From War To Revolution In The Middle East

written by Anne Alexander August 17, 2024

Anne Alexander analyses the likely effect a broader war in the Middle East would have on Palestinian liberation and why a revolutionary alternative is needed across the region to fight imperialism.

“This has been a really slow-motion train wreck. Anybody could have told you back in October, back in November, that we’d get somewhere like where we are today.” Back in June, Harrison Mann, the US Army Major and intelligence analyst who resigned from the military in relation to Gaza, discussed the prospects for an escalation of military conflict in the Middle East in an interview with Forever-Wars website.[1] Six weeks later, with two more senior leaders from Hamas and Hezbollah dead in Israeli assassinations, the region teeters even closer to the precipice of wider war. As Mann notes, this would almost inevitably involve the US (and likely several of its allies including the UK) in active roles supporting Israeli forces. This means not only “defensive” operations such as shooting down incoming missiles aimed at Israeli cities, but attacks on targets inside Lebanon, Syria and Iraq.

One thing which October 7 has made abundantly clear is that Israeli forces are unlikely to achieve the kind of crushing victory advocated in their standard military doctrine over the past few years. General Eral Ortal, head of the IDF’s Dado Center, which leads the development of Israeli military strategy, argued in 2020.[2]

“The main test of Israel’s military power is that of decisive victory. This includes the ability to not only defeat a terror army like Hezbollah but also to do it relatively quickly, at an acceptable cost to our forces and our home front, and in a way that is irrefutable.”

The theory Ortal and his colleagues outlined involved directing overwhelming firepower at their adversaries using “multidomain” integration of combat capabilities and “smart” decision-making based on information gathered from sensor networks. The problem was that it didn’t work.
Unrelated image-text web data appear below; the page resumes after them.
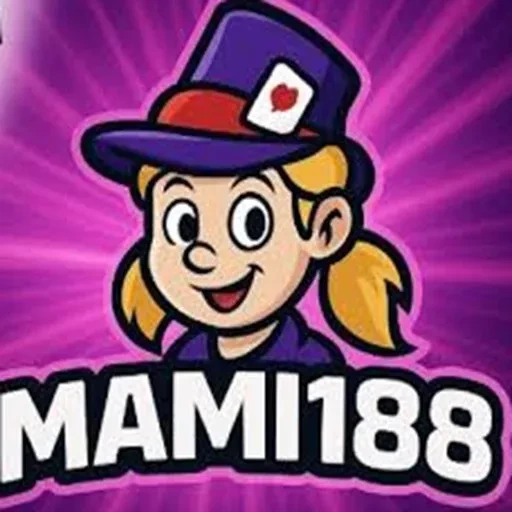 Unduh mami188 APK Gratis untuk Android APK Resmi — ikon aplikasi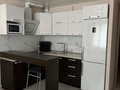 Продажа квартиры: Екатеринбург, ул. Рощинская, 31 (Уктус) - Фото 2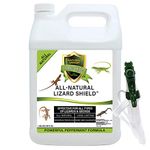 Natural Armor Animal Repellents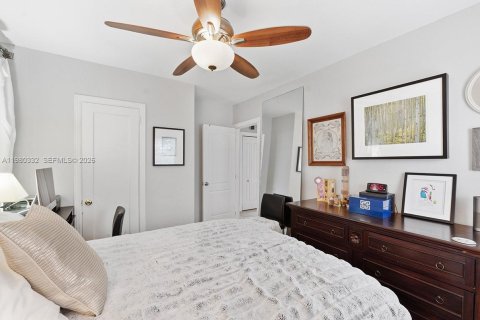 Купить коммерческую недвижимость в Форт-Лодердейл, Флорида 215.72м2, № 2044782 - фото 16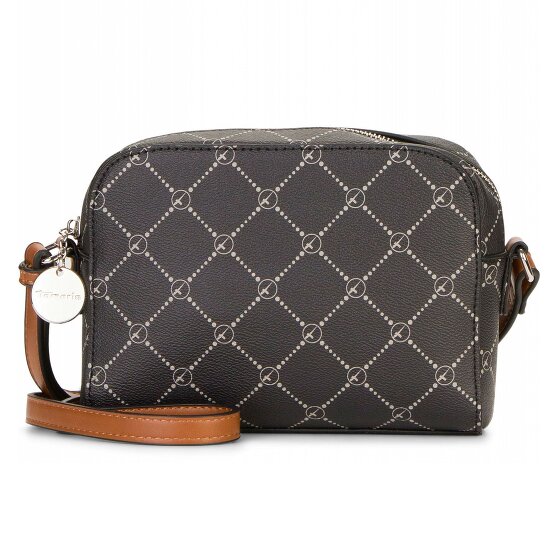 Tamaris Bandolera Anastasia Classic 21 cm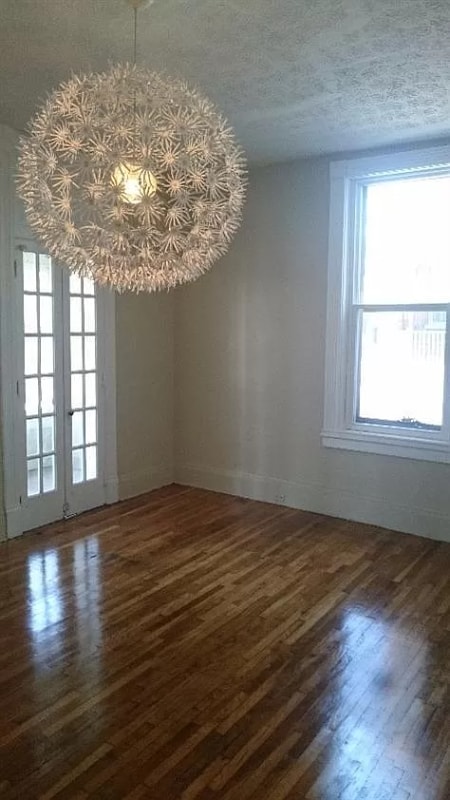 1405 Myrtle Ave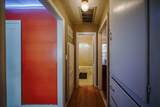 134 Stanley Dr. - Photo 19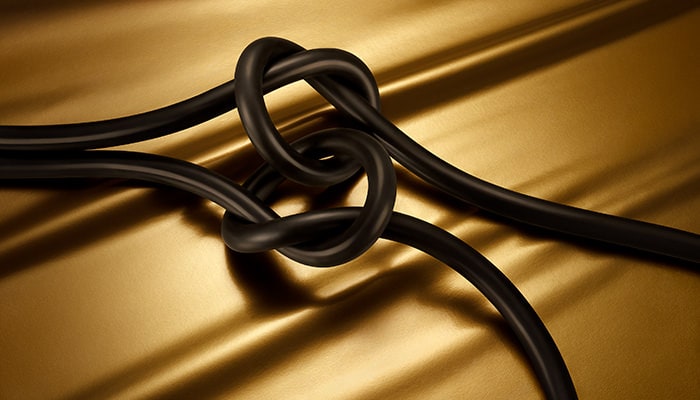 AS MEMORABLE AS A VOW 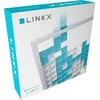Image de Linkx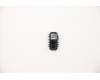 Lenovo 5B40S21975 COVER Power Button L 81YK PGY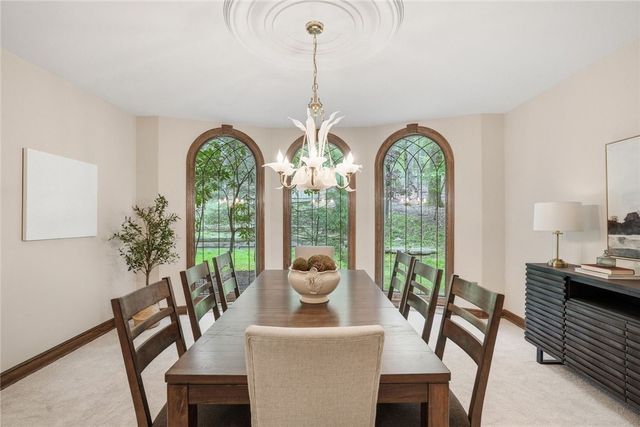 613 Lincoln Road, Bradford Woods, PA 15015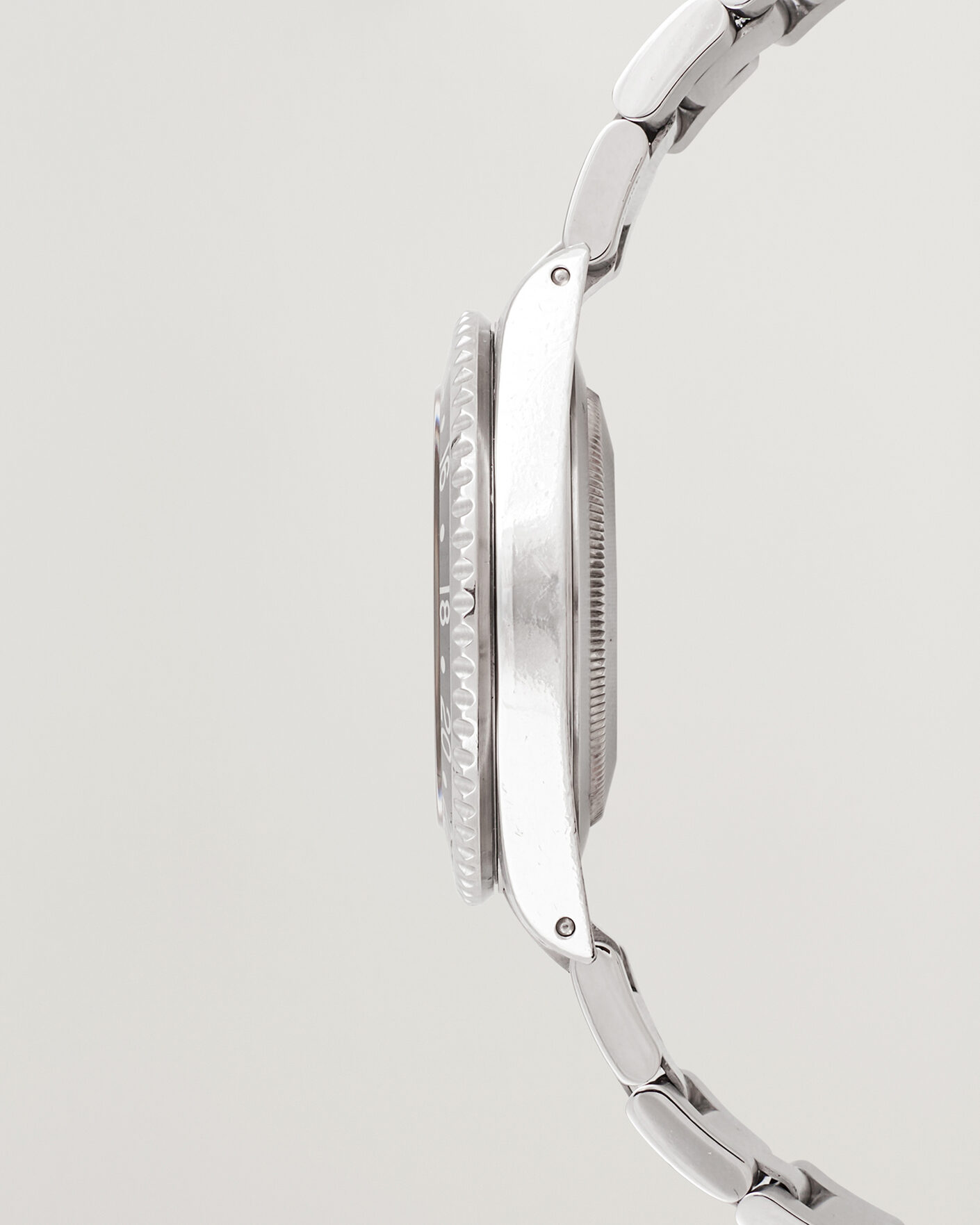 Heren | Pre-Owned & Vintage Watches | Rolex Pre-Owned | GMT-Master II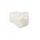 Peg screw horn cover RMS 142600012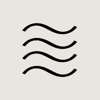 Studio Seagraves Logo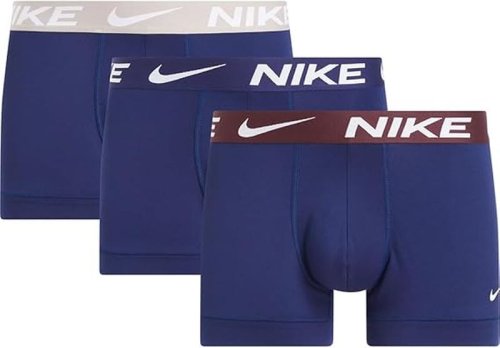 Nike Trunk 3P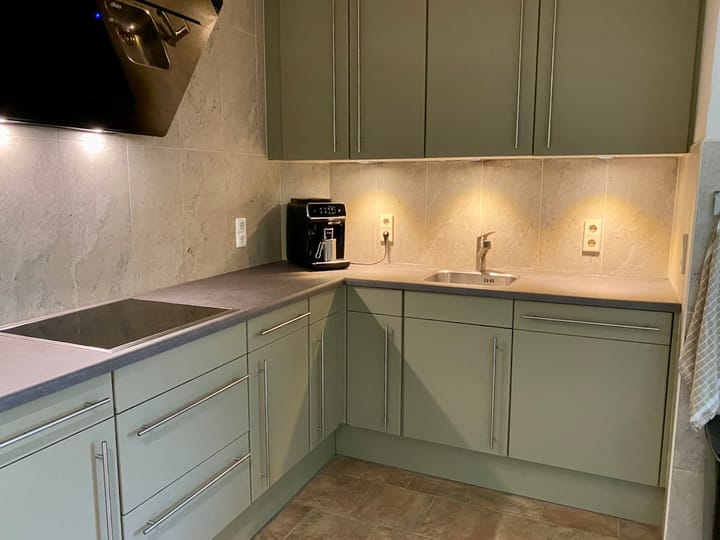 Foto 11 van van Bylandtstraat 24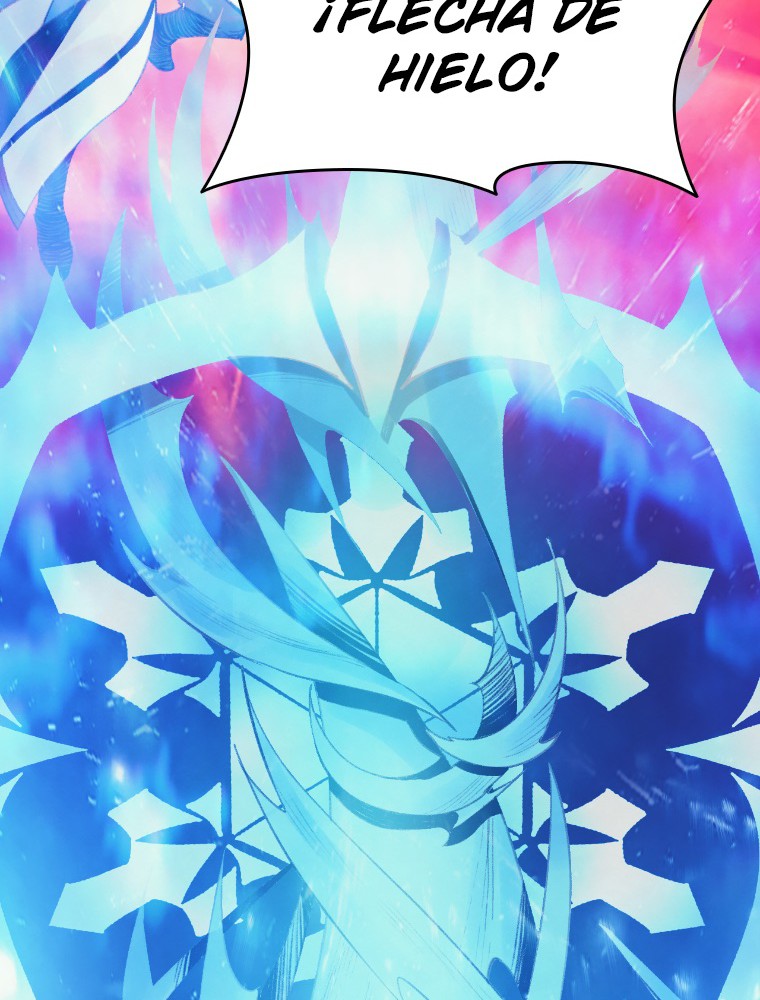 Imagen del webtoon 147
Not only were Israeli forces taken by surprise by the attack on October 7, but ten months on it is clear that Hamas has not been destroyed in Gaza, or anywhere else. According to the terms of the IDF’s own doctrine, there can be no “decisive victory.” Far from fighting a small, smart, short war, Israeli forces have begun a big, dumb, long one, despite the fact that their major antagonist so far been the weakest militarily of their enemies.

Fighting Hezbollah, which has hugely improved its stores of weapons and massively expanded its defensive tunnel network since winning its last conflict with Israeli forces in 2006,[3] poses even greater challenges. Israeli experts in the electricity sector recently laid out bleak scenarios for the impact of a full-scale Hezbollah assault on the grid including the likelihood of long periods of blackouts and the danger to water supplies (Israeli water systems rely heavily on desalination which in turn requires electricity).[4]

All of this is prompting shifting thinking about what war entails on the Israeli side. The Jerusalem Post summed up the new mood on 15 August. An editorial noted the collapse of three basic national security assumptions: that Israeli technological superiority would deter enemies, that a relatively small army could rely on “billion-dollar walls and state-of-the-art sensors” to secure the border and that Israeli forces could act on their own in combat, without the need for real-time support from their superpower patrons and allies. The shocking realisation “that Israel is not able to protect itself, by itself, against any threat or combination thereof,”[5] has necessitated a profound rethink of military strategy, the paper said. The reliance on allies such as the US does not extend simply to dispatching aircraft carriers or providing intelligence, but includes “the basics needed to wage a war: bombs, shells, and even bullets.”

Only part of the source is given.